In this sad world full of imperfections, ugly segment trees exist.

A segment tree is a tree where each node represents a segment and has its number. A segment tree for an array of $n$ elements can be built in a recursive manner. Let's say function $\operatorname{build}(v,l,r)$ builds the segment tree rooted in the node with number $v$ and it corresponds to the segment $[l,r]$.

Now let's define $\operatorname{build}(v,l,r)$:

• If $l=r$, this node $v$ is a leaf so we stop adding more edges
• Else, we add the edges $(v, 2v)$ and $(v, 2v+1)$. Let $m=\lfloor \frac{l+r}{2} \rfloor$. Then we call $\operatorname{build}(2v,l,m)$ and $\operatorname{build}(2v+1,m+1,r)$.

So, the whole tree is built by calling $\operatorname{build}(1,1,n)$.

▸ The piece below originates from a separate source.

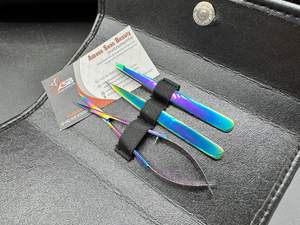 Pince à épiler à sourcils arc-en-ciel de haute qualité avec logo personnalisé Pince à épiler à sourcils pointu en acier durable Pochette à ciseaux incluse - Product Image 4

Now Ibti will construct a segment tree for an array with $n$ elements. He wants to find the sum of $\operatorname{lca}^\dagger(S)$, where $S$ is a non-empty subset of leaves. Notice that there are exactly $2^n - 1$ possible subsets. Since this sum can be very large, output it modulo $998\,244\,353$.

$^\dagger\operatorname{lca}(S)$ is the number of the least common ancestor for the nodes that are in $S$.

Each test consists of multiple test cases. The first line contains a single integer $t$ ($1 \le t \le 10^3$) — the number of test cases. The description of the test cases follows.

The first line of each test case contains a single integer $n$ ($2 \le n \le 10^{18}$) — the length of the array for which the segment tree is built.

For each test case, output a single integer — the required sum modulo $998\,244\,353$.